Salir del armario nunca tendría que ser un acto de valentía extraordinaria, sino un paso natural. Nadie debería sentir vergüenza por ser quien es, ni miedo al qué dirán, ni temor a decepcionar a un padre, una madre o unos hijos. La aceptación empieza muchas veces en casa, continúa en la calle y termina convirtiéndose en una sociedad más madura.
La naturaleza es diversa. También lo son las personas. Hay quienes se sienten plenamente identificados con el cuerpo con el que nacieron y quienes viven una realidad distinta. Comprenderlo puede resultar sencillo para unos y difícil para otros, pero el respeto no debería depender de entenderlo todo. Basta con aceptar que cada ser humano merece la misma dignidad.
El Orgullo tampoco necesita convertirse en una batalla permanente entre extremos. La inmensa mayoría de la sociedad convive cada día con absoluta normalidad, y es precisamente esa convivencia la que hace avanzar a un país. Los derechos se consolidan cuando dejan de ser motivo de enfrentamiento y pasan a formar parte del sentido común.
Mientras en España podemos debatir libremente sobre estas cuestiones, todavía existen países donde amar a alguien del mismo sexo o expresar una identidad diferente supone la cárcel, la persecución o incluso la muerte. Esa realidad recuerda que los derechos nunca deben darse por garantizados y que aún queda mucho camino por recorrer.
Ucrania donde ahora hay batallones de gays o lesbianas y su propia población siente rechazo cuando luchan por su país, hipocresía cainita. En Rusia que simplemente se les encarcela o se les lleva a Siberia...En el islam, Marruecos, mismamente donde se les ha perseguido y se les catiga con ...increíble que aún no nos demos cuenta de la globalidad de este mundo, con la situación en la que puedes tener más cromosomas en común con una persona de color que con tu propia hermana.
¿Las diferencias entre hombre y mujer ahora ya no son importantes?
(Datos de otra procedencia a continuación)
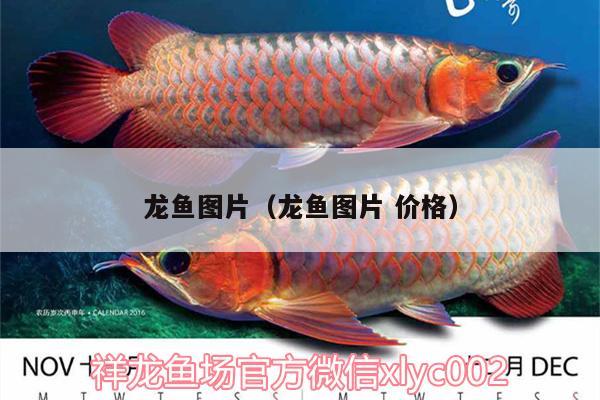 龍魚圖片（龍魚圖片價格）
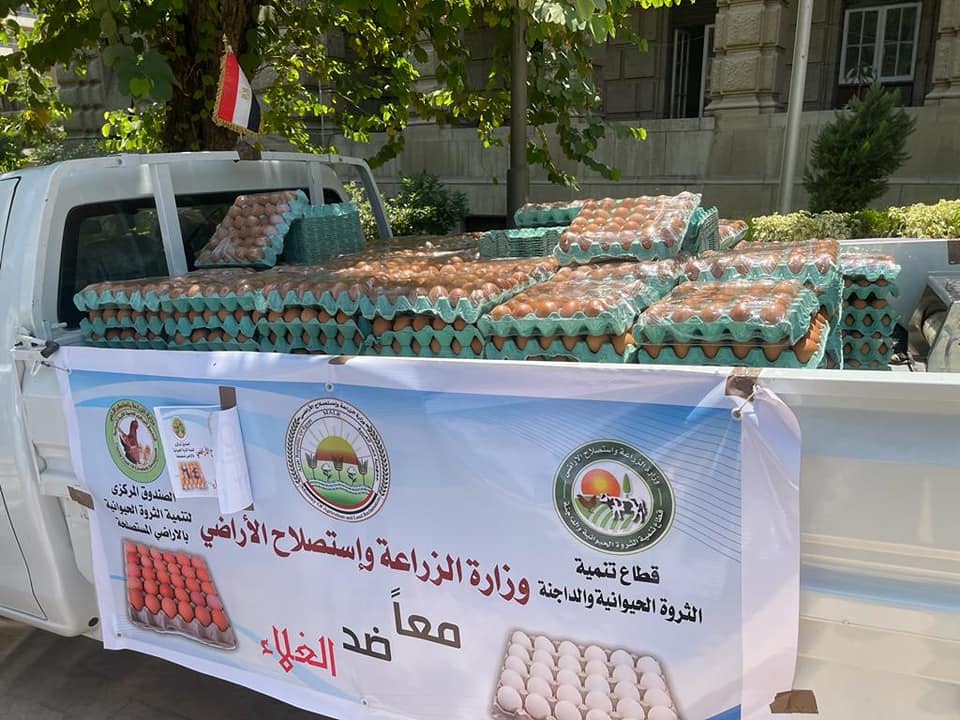 "الزراعة" تطرح كميات من بيض المائدة بسعر 62 جنيه للكرتونة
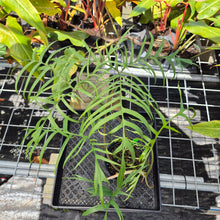 Load image into Gallery viewer, Philodendron Polypodoides, Exact Plant Ships Nationwide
En África trabajan ellas y ellos miran, en otras culturas ocurre al revés ellos se desloman y ellas van de "divas"...el ser humano es plural, es o debe ser tolerante y sobre todo utilizar el intelecto que los diferencia aunque parece ser que solo lo hace para crear armas o sistemas de exterminio de la propia raza...
Gays, Lesbianas colectivos LGTBI, binarios o no, pansexual, asexual, Bisexual, Cisgénero, Queer, transgénero, transexual...hombre, mujer.
No se trata de hacer apología de nada. Se trata de defender algo mucho más sencillo: la libertad de vivir sin miedo, sin insultos, sin discriminación y sin prejuicios heredados de otros tiempos.
Cada uno es dueño de su vida. La sociedad solo tiene una obligación: respetarla.
Quizá esa sea la verdadera bandera que merece la pena levantar. No la del enfrentamiento, sino la de la tolerancia, el sentido común y el respeto mutuo.
Porque cuando dejamos de mirar la condición de una persona para fijarnos únicamente en su humanidad, todos ganamos. Y esa sí es una victoria que merece celebrarse cada día del año.
Y el momento de la tolerancia y el orgullo este 2026 la tenemos con este hombre que se transforma cual camaleon ante la situación festiva, igual le da ir vestido de hombre que de mujer, de botijo que de San Pedro o de cofrade de Semana Santa. La tolerancia en Juan Carlos el vendedor de la once es la viva voz de la ciudad y la sociedad. Zamora tiene ejemplos.